What can I do? What can I do? WHAT CAN I DO?

The answer was simple. So simple that it flitted in my mind without actually even registering for a bit. And I think it was actually 2 or 3 seconds before I paused to go back. Did I just want to die?

And it was strange, and scary. Not scary because death itself is involved, but I realized that death is when life stops. When you cannot go any further, when you cannot do anything, then do you just lie down and stop? And it scared because maybe I may not be ready to die, but death might come because I’ve stopped.

It was a funny feeling. Like a curse almost. If you stop doing, you will die.




[Please bear with this extremely hap-hazard and seemingly foolish chapter. It is just something I wanted to get off my chest as a completely new feeling for me, something difficult to make sense of.]

Monday, October 03, 2005

Run Sumit, Run

I went jogging today. I figured I was putting on a bit too much weight around the middle, top and bottom everything. I have a 2-week break now and I wanted to make the most of it. See I walk enough through the year, and for some decent results in 15 days I needed to run. So I ran barely a couple of hundred metres or so and I was nauseous.

Man, am I that out of shape? Made me quite upset, but even more so thinking that there are millions of others who can’t even do this (I hope) and that’s bad news for all of us.

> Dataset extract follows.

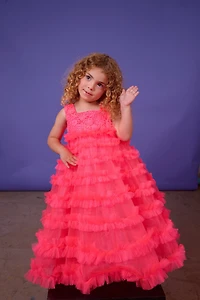 Hot pink dress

Shape up People.

Well anyway, I’m reading a play called A Doll’s House by a Scandanavian playwright Henrik Ibsen. Its nice thus far. Actually I have another of his plays in my syllabus so I’m doing a bit og background.

I realized that drama interests me. It seems to be very deceptive in its methods and that makes it all the more pleasurable to unravel. There is a story behind every story ever written, but with drama played out in front of you it becomes more real. Gestures, words, dialogues, monologues, all take on a front which is entertaining and carry with it ideas and profoundities of everyday life. Although we study Modren European Drama, but I want to branch out in due time. I purchased, yesterday, a book called Three Modern Indian Plays – Tughlaq by Girish Karnad, Evan Indrajit by Badal Sircar and Silence! The Court is in Session by Vijay Tendulkar; all possibly among the most famous of Indian Theatre today.

And as Jean Genet has said somewhere, “tragedy is to be lived” – mine lies in the fact that I am yet to see a stage production.